An example of the configuration is shown below:

kind: smtp
version: v2
metadata:
  name: smtp
spec:
  host: smtp.host
  port: <smtp port> # 465 by default
  username: <username>
  password: <password>
---
kind: alerttarget
version: v2
metadata:
  name: email-alerts
spec:
  email: triage@example.com # Email address of the alert recipient

Creating these resources will accordingly update and reload Kapacitor configuration:

$ gravity resource create -f smtp.yaml

In order to view the current SMTP settings or alert target:

$ gravity resource get smtp
$ gravity resource get alerttarget

Only a single alert target can be configured. To remove the current alert target, you can execute the following kapacitor command inside the designated pod:

$ kapacitor delete alerttarget email-alerts 

Testing Kapacitor Email Configuration

To test a Kapacitor SMTP configuration you can execute the following:

$ kubectl exec -n monitoring $POD_ID -c kapacitor -- /bin/bash -c "kapacitor service-tests smtp"

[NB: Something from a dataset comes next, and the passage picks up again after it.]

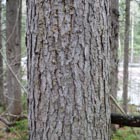 Photo 04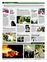 Suplemento 08-05-2011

If the settings are set up appropriately, the recipient should receive an email with the subject “test subject”.

Kapacitor Custom Alerts

Creating new alerts is as easy as using another Gravity resource of type alert. The alerts are written in TICKscript and are automatically detected, loaded, and enabled for Gravity Monitoring and Alerts system.

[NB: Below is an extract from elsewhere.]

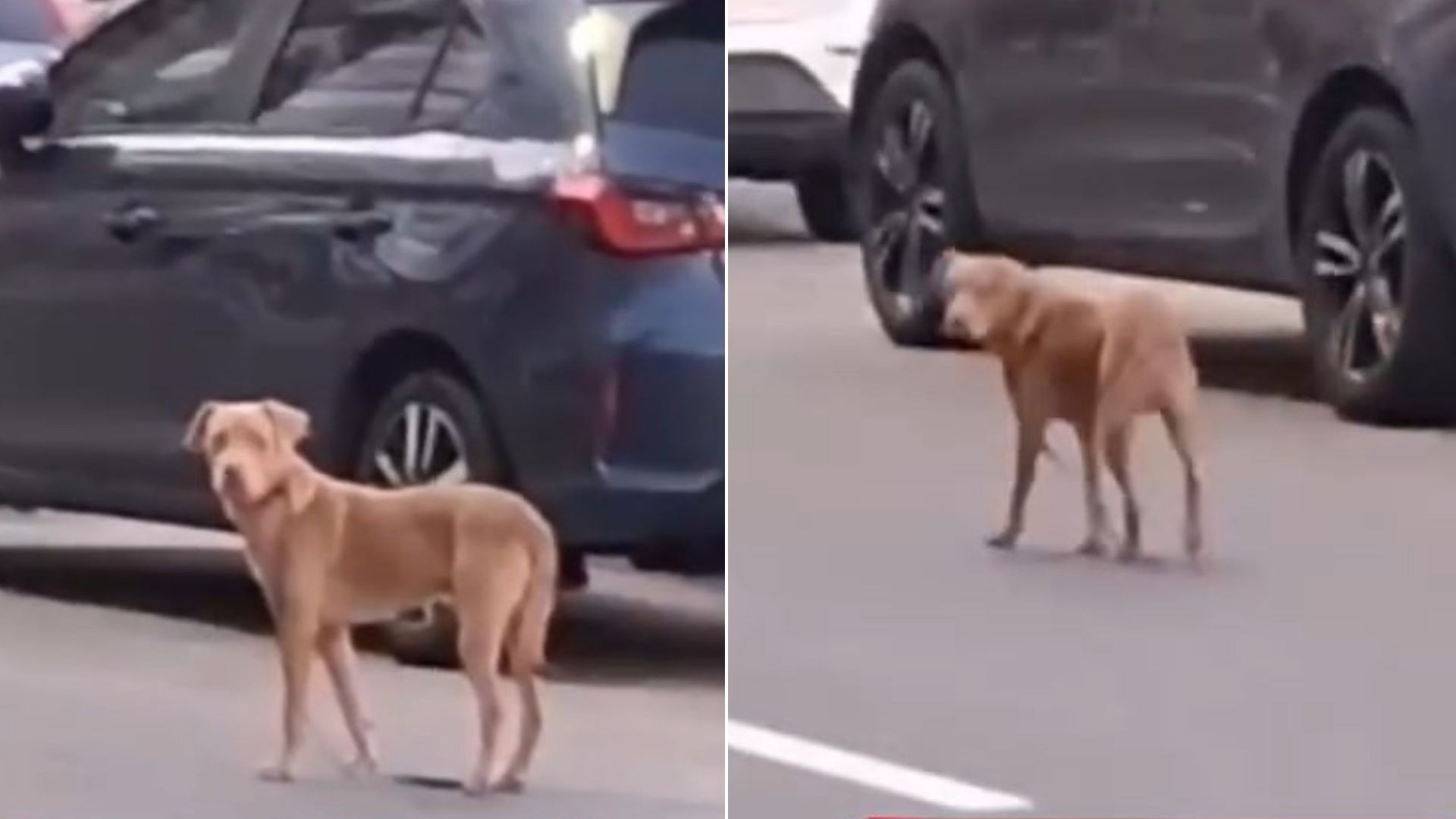 Guarapari: O Cerco Legal se Fecha Contra o Abandono Animal e Delitos Conexos no Espírito Santo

For demonstration purposes let’s define an alert that always fires:

kind: alert
version: v2
metadata:
  name: my-formula
spec:
  formula: |
    var period = 5m
    var every = 1m
    var warnRate = 2
    var warnReset = 1
    var usage_rate = stream
        |from()
            .measurement('cpu/usage_rate')
            .groupBy('nodename')
            .where(lambda: "type" == 'node')
        |window()
            .period(period)
            .every(every)
    var cpu_total = stream
        |from()
            .measurement('cpu/node_capacity')
            .groupBy('nodename')
            .where(lambda: "type" == 'node')
        |window()
            .period(period)
            .every(every)
    var percent_used = usage_rate
        |join(cpu_total)
            .as('usage_rate', 'total')
            .tolerance(30s)
            .streamName('percent_used')
        |eval(lambda: (float("usage_rate.value") * 100.0) / float("total.value"))
            .as('percent_usage')
        |mean('percent_usage')
            .as('avg_percent_used')
    var trigger = percent_used
        |alert()
            .message('{{ .Level}} / Node {{ index .Tags "nodename" }} has high cpu usage: {{ index .Fields "avg_percent_used" }}%')
            .warn(lambda: "avg_percent_used" > warnRate)
            .warnReset(lambda: "avg_percent_used" < warnReset)
            .stateChangesOnly()
            .details('''
    <b>{{ .Message }}</b>
    <p>Level: {{ .Level }}</p>
    <p>Nodename: {{ index .Tags "nodename" }}</p>
    <p>Usage: {{ index .Fields "avg_percent_used"  | printf "%0.2f" }}%</p>
    ''')
            .email()
            .log('/var/lib/kapacitor/logs/high_cpu.log')
            .mode(0644)

And create it :

$ gravity resource create -f formula.yaml

Custom alerts are being monitored by another “watcher” type of service that runs inside the Kapacitor pod:

$ kubectl -nmonitoring logs kapacitor-68f6d76878-8m26x watcher
time="2020-01-24T06:18:10Z" level=info msg="Detected event ADDED for configmap \"my-formula\"" label="monitoring in (alert)" watch=configmap

We can confirm the alert is running checking the logs after a few seconds:

$ kubectl -nmonitoring exec -ti kapacitor-68f6d76878-8m26x -c kapacitor cat -- /var/lib/kapacitor/logs/high_cpu.log
{"id":"percent_used:nodename=10.0.2.15","message":"WARNING / Node 10.0.2.15 has high cpu usage: 15%","details":"\n\u003cb\u003eWARNING / Node 10.0.2.15 has high cpu usage: 15%\u003c/b\u003e\n\u003cp\u003eLevel: WARNING\u003c/p\u003e\n\u003cp\u003eNodename: 10.0.2.15\u003c/p\u003e\n\u003cp\u003eUsage: 15.00%\u003c/p\u003e\n","time":"2020-01-24T06:30:00Z","duration":0,"level":"WARNING","data":{"series":[{"name":"percent_used","tags":{"nodename":"10.0.2.15"},"columns":["time","avg_percent_used"],"values":[["2020-01-24T06:30:00Z",15]]}]},"previousLevel":"OK","recoverable":true}

To view all currently configured custom alerts you can run:

$ gravity resource get alert my-formula

In order to remove a specific alert you can execute the following kapacitor command inside the designated pod:

$ kapacitor delete alert my-formula

This concludes our monitoring training.